Je considère que c’est une excellente chose et je vais vous dire pourquoi. Tous ceux qui ont pratiqué ces matières savent qu’un salarié qui a été licencié dans des conditions qui le révoltent et qui a du ressentiment à l’égard de son employeur espère qu’il percevra une indemnité extraordinaire, et on peut le comprendre. Et l’employeur qui refuse une conciliation le fait en espérant qu’il n’aura rien ou très peu à verser. C’est cette situation qui finit en cour d’appel, trois ans plus tard, avec des employeurs ballottés qui se retrouvent dans des situations difficiles et des salariés qui ressortent de tout cela lessivés.
Le fait d’introduire cette possibilité est une nouveauté, c’est clair, mais cela peut faire avancer vers des solutions en réduisant les délais, en apaisant, en entrant dans l’espace de la conciliation pour revenir à ce qui était l’essence de la procédure prud’homale. Car comme l’a rappelé le rapporteur thématique, la procédure prud’homale était avant tout une procédure de conciliation. Les plus anciens ont connu le temps où, dans les conseils professionnels devant les juridictions, c’était prendre un grand risque que de ne pas accepter la conciliation. Telle était la pratique en vigueur à l’époque, mais depuis elle a été balayée.
Il s’agit donc d’un instrument parmi d’autres susceptible de faciliter le travail des magistrat et de rapprocher les parties dans des conditions moins ignorantes de la réalité effective que sanctionne la décision finale.
Sur l’amendement no 3290, je suis saisi par le groupe de la Gauche démocrate et républicaine d’une demande de scrutin public.
Le scrutin est annoncé dans l’enceinte de l’Assemblée nationale.

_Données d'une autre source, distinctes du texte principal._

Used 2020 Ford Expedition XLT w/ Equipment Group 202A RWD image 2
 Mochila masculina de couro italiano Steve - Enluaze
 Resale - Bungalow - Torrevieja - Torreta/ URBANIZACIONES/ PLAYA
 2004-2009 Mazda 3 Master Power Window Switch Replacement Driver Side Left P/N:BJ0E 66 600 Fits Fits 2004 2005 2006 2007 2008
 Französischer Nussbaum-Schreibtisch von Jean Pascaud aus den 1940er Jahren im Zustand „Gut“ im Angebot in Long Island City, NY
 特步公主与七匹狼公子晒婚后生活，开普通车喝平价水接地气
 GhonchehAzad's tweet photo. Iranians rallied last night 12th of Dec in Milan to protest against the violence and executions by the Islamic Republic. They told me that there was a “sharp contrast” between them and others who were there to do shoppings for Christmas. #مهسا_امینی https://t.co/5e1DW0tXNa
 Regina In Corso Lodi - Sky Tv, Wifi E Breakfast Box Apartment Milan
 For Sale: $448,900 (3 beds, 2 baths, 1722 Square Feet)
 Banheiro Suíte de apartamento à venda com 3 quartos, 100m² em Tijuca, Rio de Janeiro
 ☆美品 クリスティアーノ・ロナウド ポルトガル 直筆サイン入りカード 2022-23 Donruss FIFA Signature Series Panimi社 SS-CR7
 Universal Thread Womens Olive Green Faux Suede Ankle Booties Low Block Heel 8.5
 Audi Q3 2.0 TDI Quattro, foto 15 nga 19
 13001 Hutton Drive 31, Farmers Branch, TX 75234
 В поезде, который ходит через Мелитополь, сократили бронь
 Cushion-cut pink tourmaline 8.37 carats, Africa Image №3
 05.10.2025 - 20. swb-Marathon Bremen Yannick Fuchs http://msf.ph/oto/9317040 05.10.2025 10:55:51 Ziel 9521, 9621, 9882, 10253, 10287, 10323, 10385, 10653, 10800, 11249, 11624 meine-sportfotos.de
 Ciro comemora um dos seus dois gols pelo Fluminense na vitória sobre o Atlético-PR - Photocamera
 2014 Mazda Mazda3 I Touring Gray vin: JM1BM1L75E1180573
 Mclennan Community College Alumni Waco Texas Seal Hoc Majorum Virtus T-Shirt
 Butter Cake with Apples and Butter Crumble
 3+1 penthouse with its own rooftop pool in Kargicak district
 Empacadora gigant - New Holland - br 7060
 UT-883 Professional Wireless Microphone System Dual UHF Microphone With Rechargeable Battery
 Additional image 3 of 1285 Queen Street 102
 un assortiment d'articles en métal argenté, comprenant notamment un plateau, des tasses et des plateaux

La séance sera levée dans quelques minutes, après le scrutin public probablement, comme c’est l’usage. Au moment où je prends la parole pour un rappel au règlement, monsieur le président, monsieur le ministre, chers collègues, il doit nous rester un temps de parole de six minutes ou quasiment. J’aimerais faire quelques observations à ce sujet. Tout d’abord, les membres de mon groupe et moi-même avons fait en sorte d’assister assidûment aux débats et d’y participer avec courtoisie, sans jamais user de notre temps de parole à des fins d’obstruction et en faisant même en sorte que chacun donne son avis comme il l’entendait sur tous les articles. Je rappelle que le texte comptait à son arrivée en commission 106 articles et 203 après son examen en commission. Il sortira de cet hémicycle fort de 240 articles ce qui, avec un temps de parole de 20 h 45 auxquelles s’ajoutent les deux heures attribuées à notre président de groupe, nous a laissé environ six minutes par article pour les 200 députés de notre groupe. Bien entendu, la procédure du temps législatif programmé est conforme au règlement de l’Assemblée nationale.
Je sais, monsieur Gille, que nous l’avons instituée, mais cela n’empêche pas de l’appliquer avec discernement ! Je regrette infiniment d’avoir dû assister hier et cet après-midi à la « couturière » du congrès du parti socialiste de l’automne prochain, même si c’était très intéressant !
Ou peut-être était-ce un conseil national, mais n’étant pas très familier de vos instances, chers collègues, je vous laisse le soin d’apprécier quelle formulation convient le mieux à votre formation politique !
Exclamations sur plusieurs bancs du groupe SRC.
Ni l’une ni l’autre ! Nous sommes à l’Assemblée nationale, monsieur Poisson, nulle part ailleurs !
D’aucun désir particulier, cher collègue ! Nous abordons ce soir des sujets extrêmement importants et débattons depuis tout à l’heure d’un amendement présenté pas le Gouvernement sur cette affaire de barémisation des indemnités dont chacun comprend bien que ce n’est pas un petit sujet. Nous devons encore traiter du délit d’entrave, des seuils et de l’inspection du travail, autant de débats pour lesquels nous devons disposer de davantage de temps mais nous n’en disposons pas !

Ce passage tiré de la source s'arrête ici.